A política do Distrito Federal entrou oficialmente em estado de observação. Depois do prazo de desincompatibilização e da intensa janela partidária, muitos atores do cenário político brasiliense parecem ter apertado o freio e adotado uma postura cautelosa diante das incertezas que cercam as eleições de 2026. O sentimento predominante nos bastidores é um só: ninguém quer dar um passo errado antes de entender para onde sopra o vento do poder.
E isso se explica.
A disputa para deputado distrital promete ser uma das mais difíceis e imprevisíveis dos últimos anos.

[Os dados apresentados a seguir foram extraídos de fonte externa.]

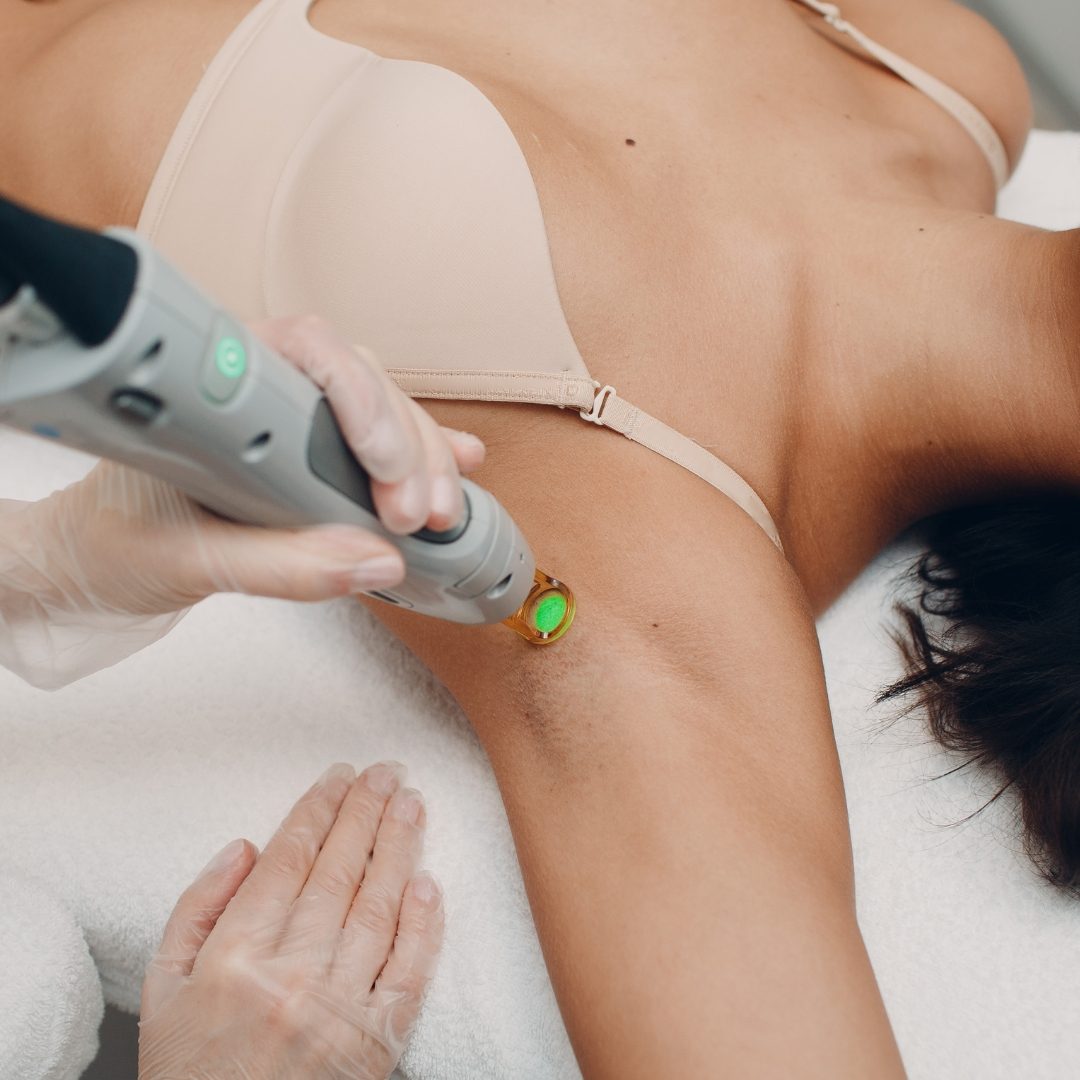 Laser Hair Removal for Darker Skin in St. Paul & Roseville, MN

A redução no número de candidatos que cada partido poderá lançar aumentou brutalmente a concorrência interna. Agora, não basta apenas ter votos; é preciso estar no partido certo, no grupo político certo e, principalmente, no lado vencedor das alianças que ainda estão em formação.
Muitos parlamentares que trocaram de legenda acreditando que encontrariam um caminho mais confortável talvez já tenham percebido que o cálculo político não era tão simples. Em Brasília, eleição proporcional não perdoa erros estratégicos. Há candidatos que podem alcançar votações expressivas e, ainda assim, ficarem de fora por falta de densidade eleitoral da legenda.

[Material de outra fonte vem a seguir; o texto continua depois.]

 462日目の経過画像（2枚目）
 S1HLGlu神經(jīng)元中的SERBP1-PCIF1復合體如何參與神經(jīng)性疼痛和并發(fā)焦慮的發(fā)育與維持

O chamado quociente eleitoral continua sendo o verdadeiro “juiz invisível” das eleições proporcionais. O eleitor muitas vezes acredita que escolhe apenas o candidato, mas, na prática, escolhe também fortalecer o partido. E é justamente aí que mora o perigo para muitos pré-candidatos distritais.
Partidos pequenos ou legendas sem musculatura política suficiente correm sério risco de não atingir o mínimo necessário para garantir cadeiras na Câmara Legislativa. Nesse cenário, candidatos competitivos podem acabar vítimas do próprio partido. Em alguns casos, o político terá mais votos do que deputados eleitos em outras legendas, mas ficará sem mandato porque sua sigla não alcançou o desempenho necessário.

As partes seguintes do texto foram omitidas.